WHAT YOU WILL DO: Your answer must be only the lines below from the one containing "626314751 17938463394136662 5747485507211661108" through the one containing "Anel Regulável com", copied exactly, with the pictures left out.

DATA FOR PROCESSING:
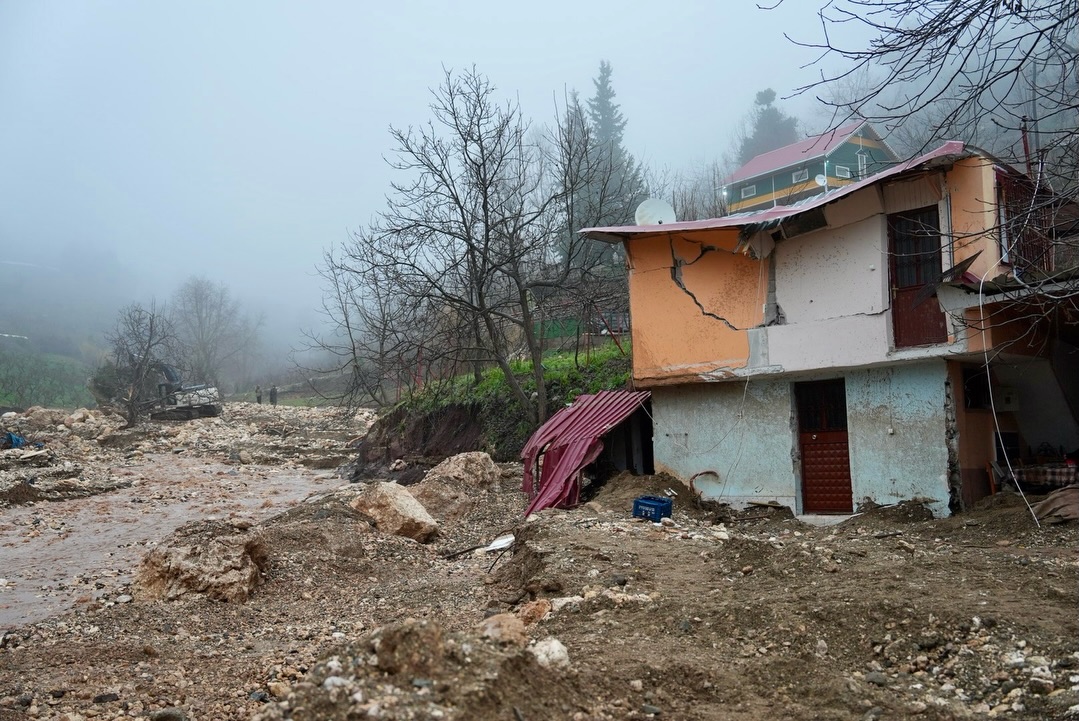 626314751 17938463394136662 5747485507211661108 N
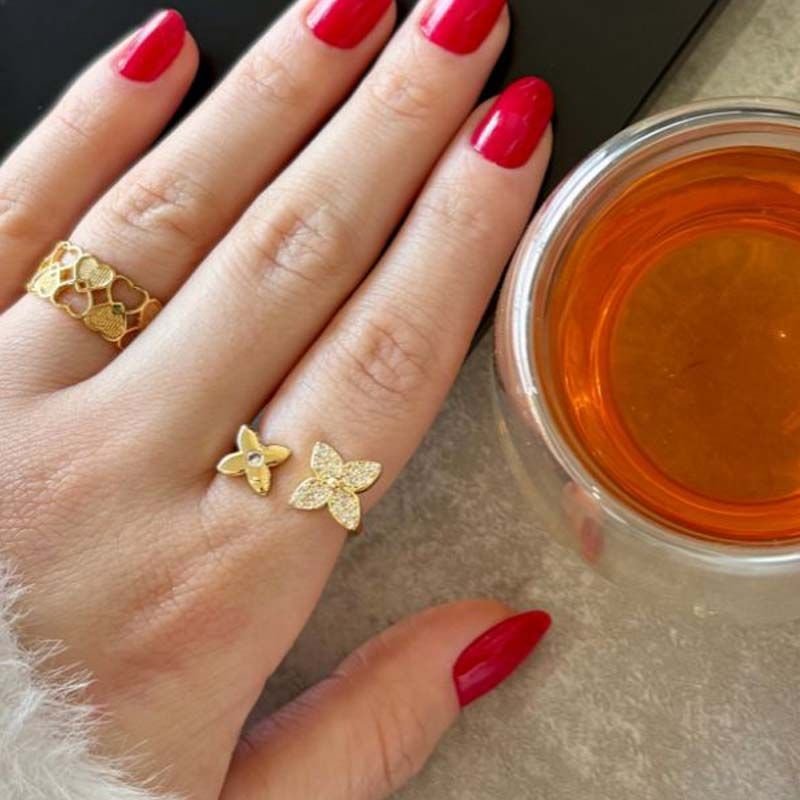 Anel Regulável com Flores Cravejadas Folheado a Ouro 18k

---

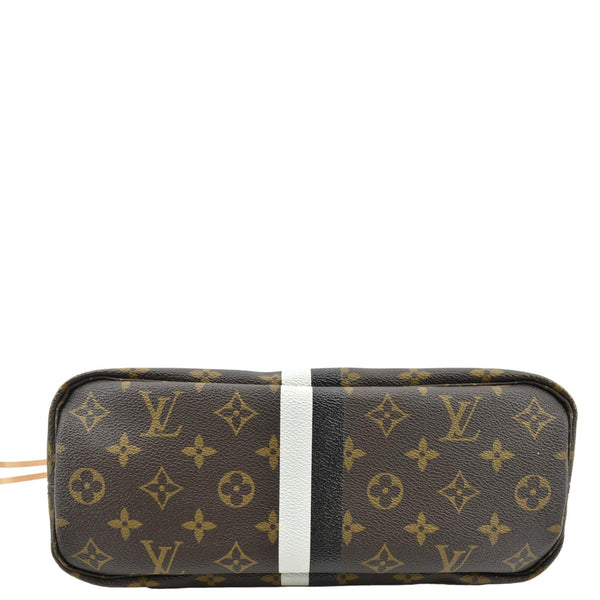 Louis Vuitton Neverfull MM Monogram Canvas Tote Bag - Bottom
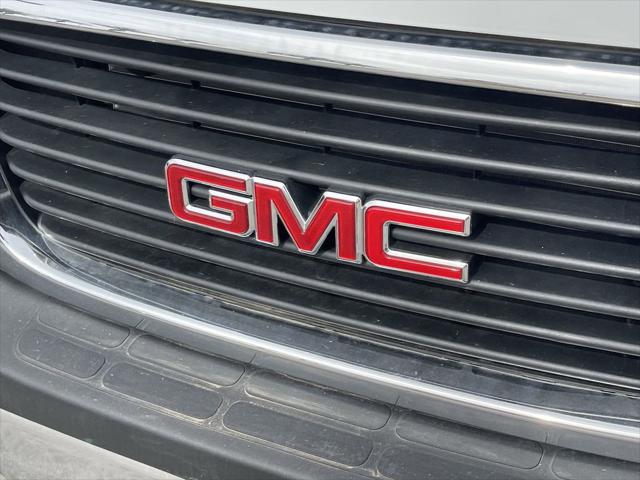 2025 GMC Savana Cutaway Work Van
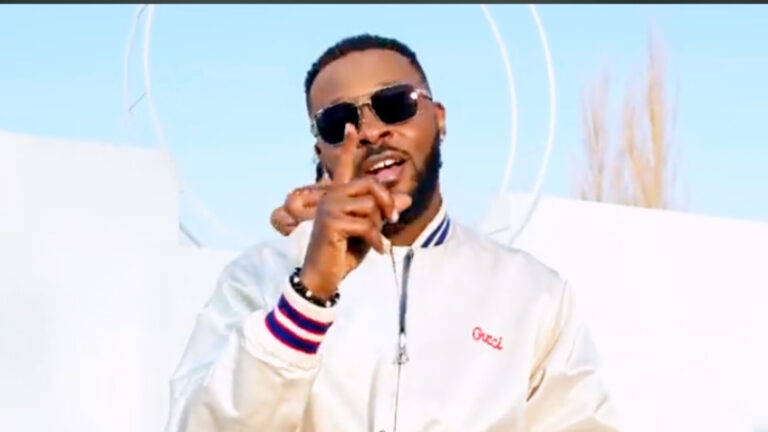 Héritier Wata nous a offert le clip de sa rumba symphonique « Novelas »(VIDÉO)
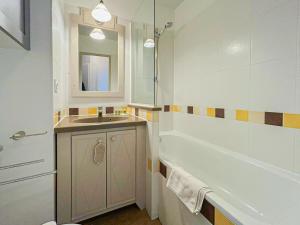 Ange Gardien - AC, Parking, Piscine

==

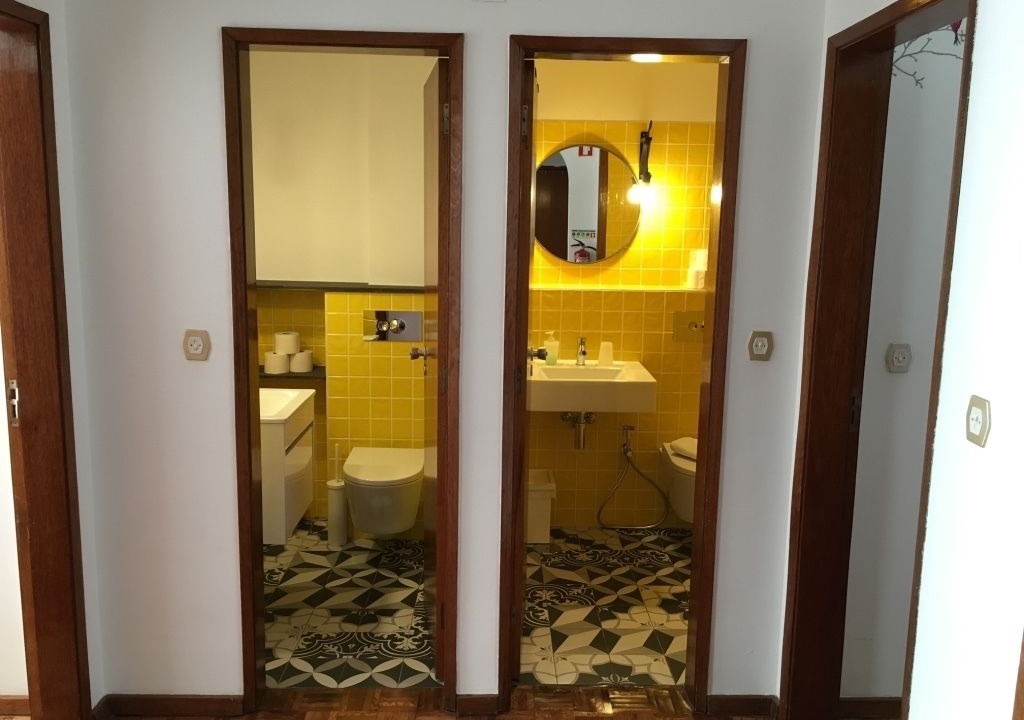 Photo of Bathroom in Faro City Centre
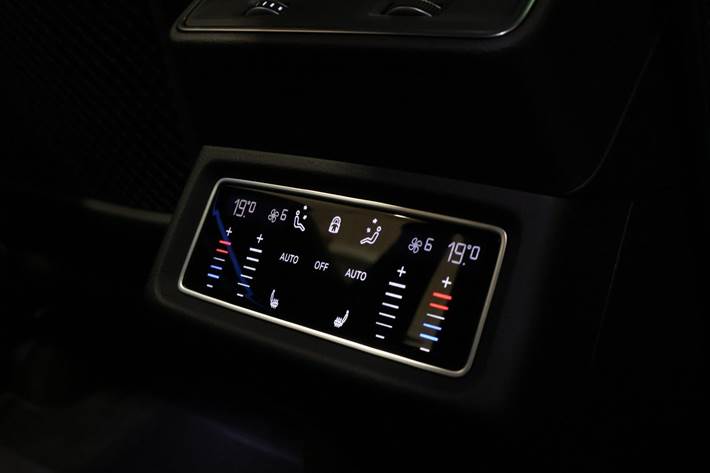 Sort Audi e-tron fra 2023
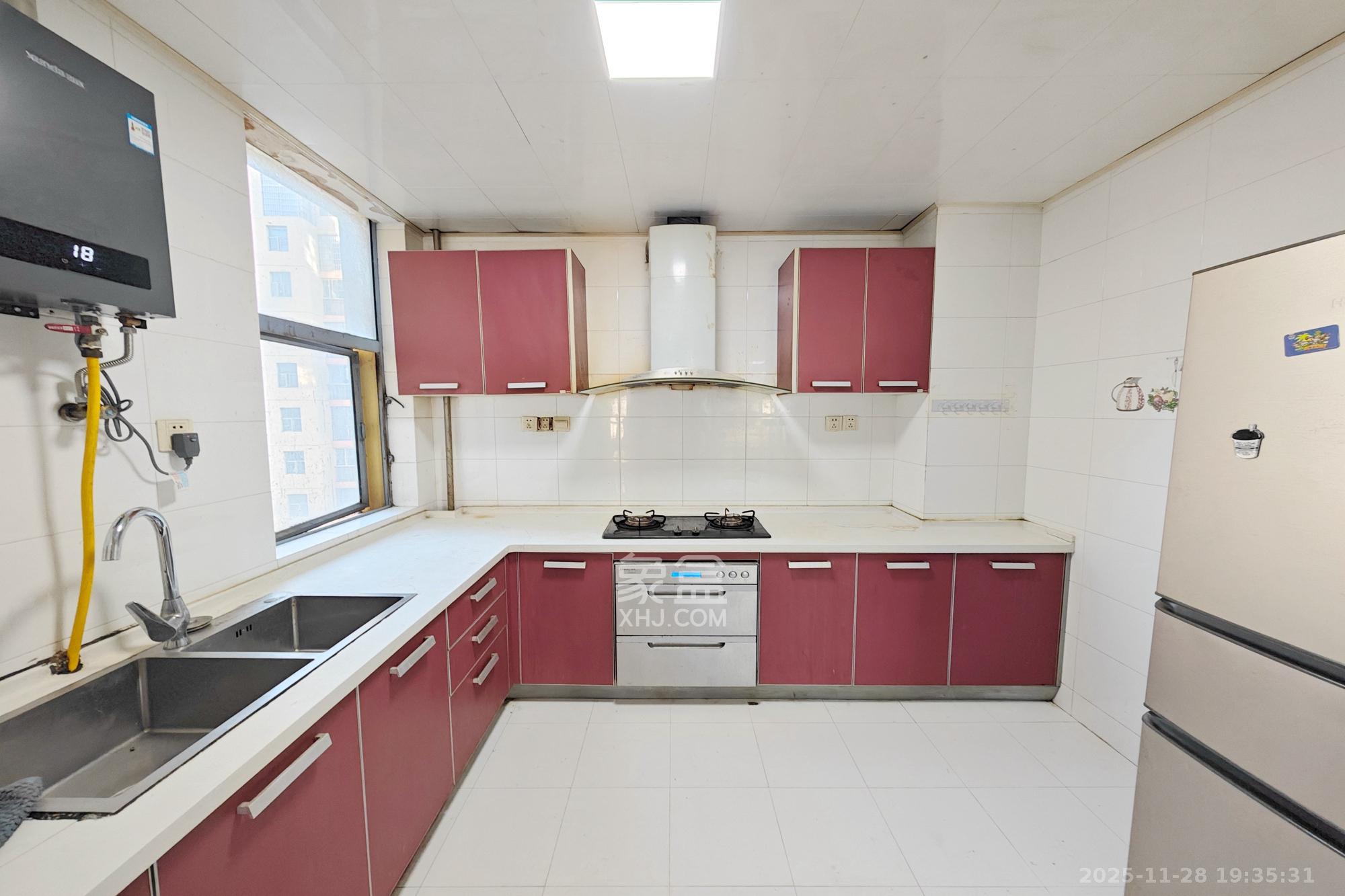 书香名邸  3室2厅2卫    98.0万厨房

EXERCISE RESULT:
 626314751 17938463394136662 5747485507211661108 N
 Anel Regulável com Flores Cravejadas Folheado a Ouro 18k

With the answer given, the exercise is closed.